We also bow our heads to salute all traditional leaders of the continent who fought a fearless war in defending their mother land of Africa. These leaders fought very hard against colonialism and secured the independence of their countries from the colonial masters. Unfortunately some of them were assassinated or deposts by forces which were sponsored by the defeated former architects of colonialism.
We must appreciate the fact that our Continent has went through many dark chapters. So it is proper not to celebrate this Africa Day in isolation. We must always inject a historical connotation in our celebration without any fear of contradiction. We must use our history of oppression, struggle, and economic exclusion to define the present and shape the future.

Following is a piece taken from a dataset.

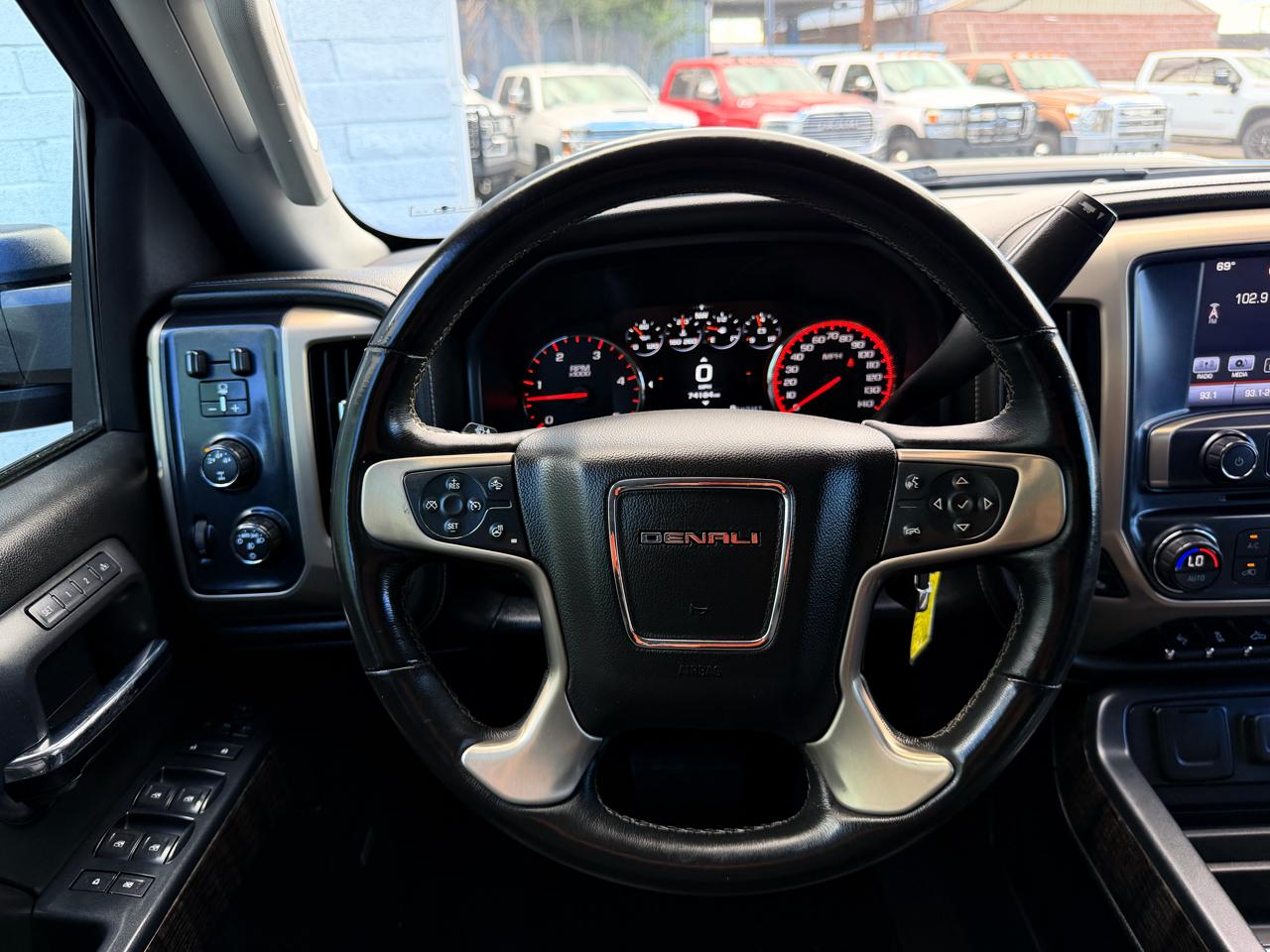 GMC Sierra 2500HD 4WD Crew Cab 153.7" Denali 2016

As Africans, we should appreciate the fact that we are one big nation that amongst others should refuse all forms of xenophophia, but rather, act jointly to ensure that we remain united like never before. First and far most, as Africans we must be united before we can invite others to join in the unity. In the event, we find ourselves still locked in our intra continental differences, then the dream of forging the unity of the Continent will never come true.
The sooner we accept that we must liberate ourselves from the situation we are presently in, some of which are not of our own making, the better. Yes, it is true that we could have done much more better in our own right to improve the quality of live of our people, but unfortunately that was not to be.
Today we are celebrating this Africa Day under the theme:
“Accelerating Youth Empowerment for Sustainable Development”
Indeed as Africans, we owe the young generation and the future generation better living conditions that reflect the fact that Africa is where human live commenced. We must ensure that young people have access to education that will ultimately lead to vibrate opportunities.
We have promising organisations in the name of the African Union, SADC, ECOWAS, COMESA, Economic Community of Central African States, and East African Community. Most of all, we have policies in place to put the African Continent on the new economic growth trajectory, which will provide our people with decent job opportunities.
In the past years, it has been very difficult to find common ground on the real integration of our economy. But we have full trust in the political leadership of the Continent that a concrete solution will be found for which our people have waited far long to long for it.
We have all the necessary raw materials the world needs; we have a rich agrarian soil; we only need the will and ambition to do it for ourselves. We cannot afford to continue relaying on other continents. There is overwhelming evidence that some of the first world countries are here to exploit us rather than to support us.
We have to discover new frontiers in the course of fighting poverty amongst our people. We have to build modern infrastructure as part of developing the lives of our people. We must provide health and schooling infrastructure for the people.
My fellow Africans, we have the tenacity to make our Continent a better place that resembles the conviction that mankind commencement here in Africa. As we celebrate this Day, we should do so mindful of the fact that we have our brothers and sisters in the Diaspora and many other countries of whom we have many things in common.
We should also keep in our thoughts our brothers and sisters in Haiti who are still recovering from the tragic earthquake that reduced their place of residence and commercial activities into nothing.
We must forge ahead motivated by our resolute determination to make the African Continent a better place. We should never lose sight of the fact that we have rightfully claimed this 21st century to be our century. Our actions and approach to issues must uphold our objective of building an African Continent which is the firm centre of economic attraction and concentration.
Working together, we can do more for our Continent!